The U.K.’s National Debtline, an advice service operated by the Money Advice Trust, a charitable organization, reports a 261 percent increase in calls for help relating to phone bills since the launch of the first iPhone in 2007, and a 15 percent rise in the past year. In the first eight months of 2013, National Debtline staff spoke to 13,398 people about their phone debts, up from 11,698 over the same period last year. Of users who owe money on their phone bills and participated in a National Debtline program relating to such problems, over 15 percent owe more than £1,000 (US $1,600).
The National Debtline considers expensive smartphone contracts a very likely cause for the steep rise in the number of debtors and the size of their debts, and we are not going to disagree with them. While mobile operators are glad to ride the high-end-smartphone trends that have been proliferating since the launch of the iPhone and to reap the revenues from service contracts, no business wants bad debt.

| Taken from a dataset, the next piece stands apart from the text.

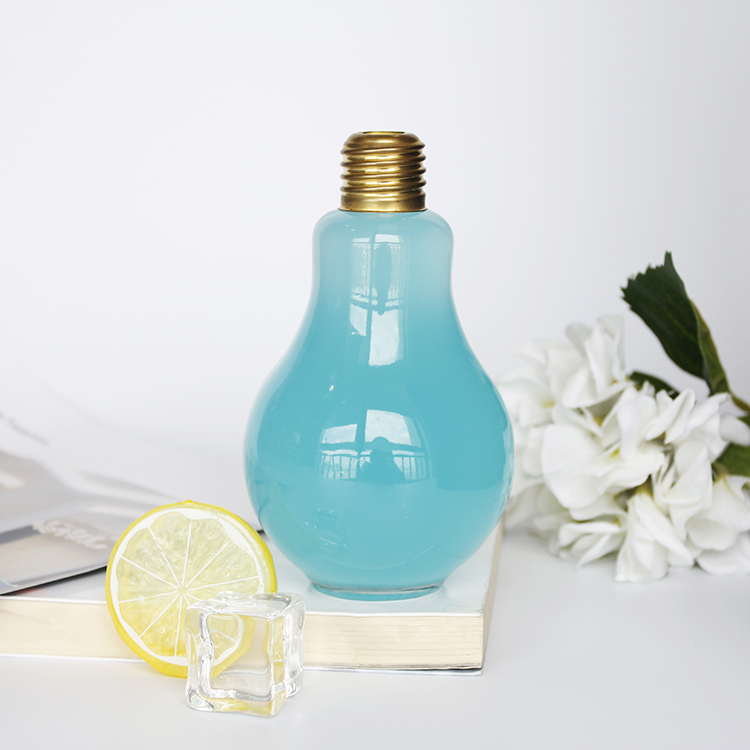 New Design 100ml 200ml 500ml Clear Light Bulb Glass Drink Bottle For Beverage Juice Milk
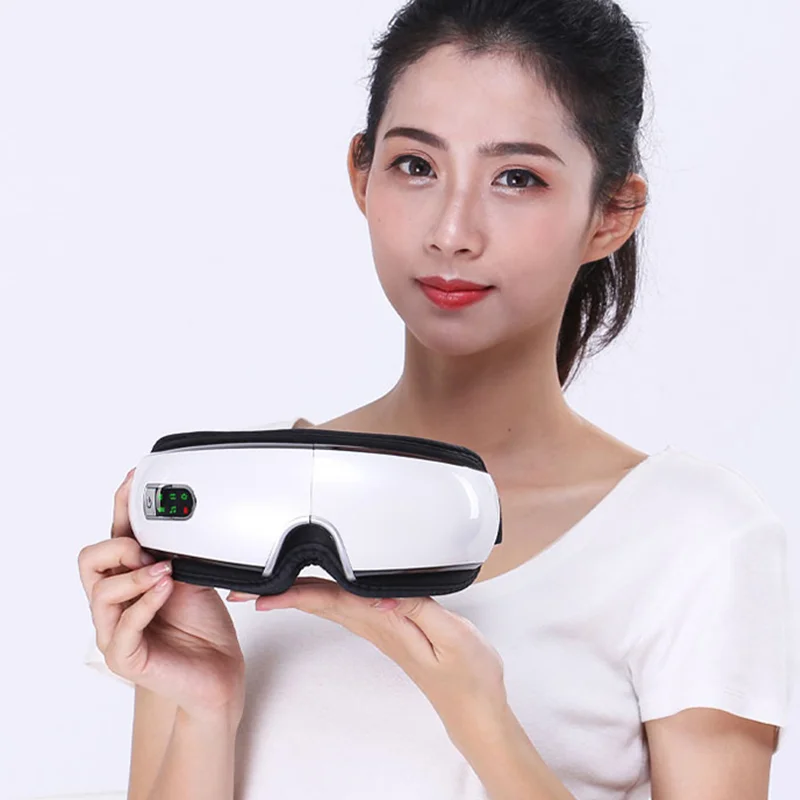 High Frequency Vibrating Warm Heated Air Pressure Wireless Vibration Eye Massager with Music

For this reason, we encourage all operators to emphasize diversity in their plan offerings. Prepaid packages are no longer just for low-end users; in uncertain economic times, even relatively affluent users in sophisticated markets appreciate the security of prepaid, which eliminates the problem of unpaid bills. Among postpaid plans, unlimited flat-rate offerings also make it easier for customers to stay within spending limits decided upon in advance. And the recent trend—in the EU for example—of instituting anti-bill-shock measures should, in time, make a dent in the amount of bad phone debt.